Musk’s xAI releases artificial intelligence model Grok 3, claims better performance than rivals in early testing

Technology

Jonathan Raa | Nurphoto | Getty Images

Elon Musk’s xAI on Tuesday unveiled its latest artificial intelligence model, Grok 3, claiming it can outperform offerings from OpenAI and China’s DeepSeek based on early testing, which included standardized tests on math, science and coding. 

“We’re very excited to present Grok 3, which is, we think, an order of magnitude more capable than Grok 2 in a very short period of time,” Musk said at a demonstration of Grok 3 that was streamed on his social media platform X. 

The team also said it was launching a new product called “Deep Search,” which would act as a “next generation search engine.” 

Grok 3 will be rolled out for premium X subscribers, starting Tuesday stateside, and will also be accessible through a separate subscription for the model’s web and app versions, the xAI team said.

Speaking at The World Governments Summit in Dubai last week Musk had dubbed the model “scary smart,” with powerful reasoning capabilities, claiming it outperformed all other existing models in xAI’s internal tests. 

“This might be the last time that an AI is better than Grok,” Musk said at the time, adding that it was trained on “a lot of synthetic data,” and was capable of reflecting upon its mistakes to achieve logical consistency. 

The xAI team claimed that an early iteration of Grok 3 had been given better ratings than existing competitors on Chatbot Arena, a crowdsourced website that pits different AI models against each other in blind tests.

Toward the end of the product demo, Musk said that the company will keep improving the model.

“We should emphasize that this is kind of a beta, meaning that you should expect some imperfections at first, but we will improve it rapidly, almost every day,” he said, adding that the voice assistance for the model would be released at a later time.

Intense competition 

Musk, who has been quite vocal about the potential dangers of artificial intelligence, started xAI in 2023 entering the generative AI market that includes OpenAI’s ChatGPT. 

In September last year, OpenAI launched its most advanced model, the o1, which came with reasoning abilities and was able to solve relatively complex science, coding and math tasks. 

Musk, along with Sam Altman, helped create OpenAI as a nonprofit in 2015.

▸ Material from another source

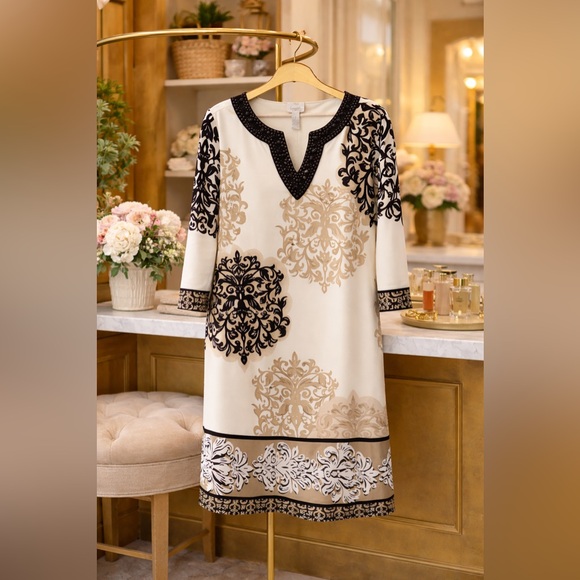 Chico's Dresses & Skirts - Chico’s Cream & Black Damask Beaded V-Neck Shift Dress Size 1 (M)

However, in recent years Musk and OpenAI’s leadership have been feuding. Musk recently led an investor group that submitted a proposal to buy the AI startup’s nonprofit parent for $97.4 billion — an offer OpenAI declined. 

Last month, Chinese start-up DeepSeek shocked the AI market when it released a technical paper that claimed one of its open source models was able to rival the performance of OpenAI’s o1 model despite using a cheaper, less energy-intensive process.

It accomplished the feat in the face of the U.S. restricting leading AI chipmaker Nvidia from selling its cutting-edge GPUs — used for training AI models — to China. 

XAI has a “Colossus supercomputer,” for training AI, which it said last year was utilizing a cluster of 100,000 advanced Nvidia GPUs for AI training. On Tuesday, the company revealed that it doubled the size of its GPU cluster for the training of Grok 3.

While many AI and tech experts have told CNBC that DeepSeek has intensified AI competition, showing what can be done with less advanced technology, others are more skeptical about its impact.